# 2450 vs 210r



## gibbs296 (Jun 22, 2014)

So my 2450 was going to be one of my go to machines. I installed new paddles, scraper bar, and it kinda sucks. The issue I have is in its paddle to ground clearance. The 210r and powerlight both pull forward nicely. Not my 2450. Wrong paddles? Older design? Any thoughts?


----------



## aldfam4 (Dec 25, 2016)

gibbs296 said:


> So my 2450 was going to be one of my go to machines. I installed new paddles, scraper bar, and it kinda sucks. The issue I have is in its paddle to ground clearance. The 210r and powerlight both pull forward nicely. Not my 2450. Wrong paddles? Older design? Any thoughts?


I thought all single stage machines operated on the paddles pulling the machine forward from making contact with the ground and basically scraping the driveway clean.
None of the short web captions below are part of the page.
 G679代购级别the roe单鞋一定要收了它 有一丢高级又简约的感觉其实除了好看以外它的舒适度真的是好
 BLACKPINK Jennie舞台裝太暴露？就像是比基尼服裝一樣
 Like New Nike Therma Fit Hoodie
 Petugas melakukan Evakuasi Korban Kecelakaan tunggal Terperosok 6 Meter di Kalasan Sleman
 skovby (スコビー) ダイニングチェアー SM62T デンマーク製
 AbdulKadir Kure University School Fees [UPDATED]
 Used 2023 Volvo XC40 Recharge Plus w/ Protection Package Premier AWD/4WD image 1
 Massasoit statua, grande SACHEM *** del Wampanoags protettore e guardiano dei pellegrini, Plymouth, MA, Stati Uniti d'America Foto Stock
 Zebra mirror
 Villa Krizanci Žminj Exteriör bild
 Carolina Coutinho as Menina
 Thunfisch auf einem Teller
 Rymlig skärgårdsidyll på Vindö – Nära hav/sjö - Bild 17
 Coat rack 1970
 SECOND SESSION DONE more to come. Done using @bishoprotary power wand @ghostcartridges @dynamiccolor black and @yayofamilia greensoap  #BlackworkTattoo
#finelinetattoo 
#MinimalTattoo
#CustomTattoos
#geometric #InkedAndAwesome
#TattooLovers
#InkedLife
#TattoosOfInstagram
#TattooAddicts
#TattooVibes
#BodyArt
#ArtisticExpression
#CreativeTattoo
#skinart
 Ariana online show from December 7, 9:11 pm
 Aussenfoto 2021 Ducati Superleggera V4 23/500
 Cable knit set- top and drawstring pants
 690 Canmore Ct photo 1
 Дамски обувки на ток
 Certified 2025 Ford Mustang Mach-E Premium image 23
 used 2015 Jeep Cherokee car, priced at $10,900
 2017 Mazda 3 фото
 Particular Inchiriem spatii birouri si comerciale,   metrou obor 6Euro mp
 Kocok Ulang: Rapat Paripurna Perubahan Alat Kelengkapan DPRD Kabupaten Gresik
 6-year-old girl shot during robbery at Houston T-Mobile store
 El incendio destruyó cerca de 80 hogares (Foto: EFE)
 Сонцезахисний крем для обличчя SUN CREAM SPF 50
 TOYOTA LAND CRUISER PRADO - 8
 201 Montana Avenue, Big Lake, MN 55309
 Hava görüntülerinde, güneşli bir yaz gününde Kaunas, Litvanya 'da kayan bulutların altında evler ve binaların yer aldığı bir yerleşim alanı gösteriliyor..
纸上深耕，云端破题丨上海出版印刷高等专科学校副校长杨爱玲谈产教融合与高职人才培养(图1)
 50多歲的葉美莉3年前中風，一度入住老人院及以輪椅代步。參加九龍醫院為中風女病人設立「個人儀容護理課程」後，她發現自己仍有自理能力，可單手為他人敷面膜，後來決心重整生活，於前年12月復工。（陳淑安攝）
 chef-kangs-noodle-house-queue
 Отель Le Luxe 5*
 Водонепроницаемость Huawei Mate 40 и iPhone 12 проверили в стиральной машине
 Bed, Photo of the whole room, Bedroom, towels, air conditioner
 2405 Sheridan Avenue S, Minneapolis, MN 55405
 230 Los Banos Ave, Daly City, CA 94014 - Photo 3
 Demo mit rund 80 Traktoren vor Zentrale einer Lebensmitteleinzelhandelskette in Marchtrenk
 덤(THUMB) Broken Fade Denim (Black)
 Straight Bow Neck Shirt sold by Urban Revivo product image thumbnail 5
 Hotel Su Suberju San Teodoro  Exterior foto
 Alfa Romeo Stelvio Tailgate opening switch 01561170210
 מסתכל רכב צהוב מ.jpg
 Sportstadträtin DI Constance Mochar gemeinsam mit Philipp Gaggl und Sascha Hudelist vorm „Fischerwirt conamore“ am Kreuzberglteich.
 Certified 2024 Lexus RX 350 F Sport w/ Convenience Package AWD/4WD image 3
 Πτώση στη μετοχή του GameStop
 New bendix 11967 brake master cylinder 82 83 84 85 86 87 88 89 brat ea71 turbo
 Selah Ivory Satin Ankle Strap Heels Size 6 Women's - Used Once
If this isn't happening, something is wrong.


----------



## Kiss4aFrog (Nov 3, 2013)

What part number paddle and scraper did you install ??
There isn't any adjustment as the scraper just bolts on so it would seem it would need to be something in the fit between those two parts. With new paddles it should clean to the surface and slightly pull itself.
Any chance you have something worn in the wheels, wheel axle, axle mount allowing the machine to lean back more than it should ??

.


----------



## toms (Nov 17, 2017)

On my 3650 you have to tilt the machine slightly forward for the paddles to pull it up the driveway.


----------



## detdrbuzzard (Jan 20, 2012)

I had some aftermarket paddles on my 2450 that was causing problems. they are worn out ( wore out fast too ) now so i'm going to get a set of OEM paddles soon


----------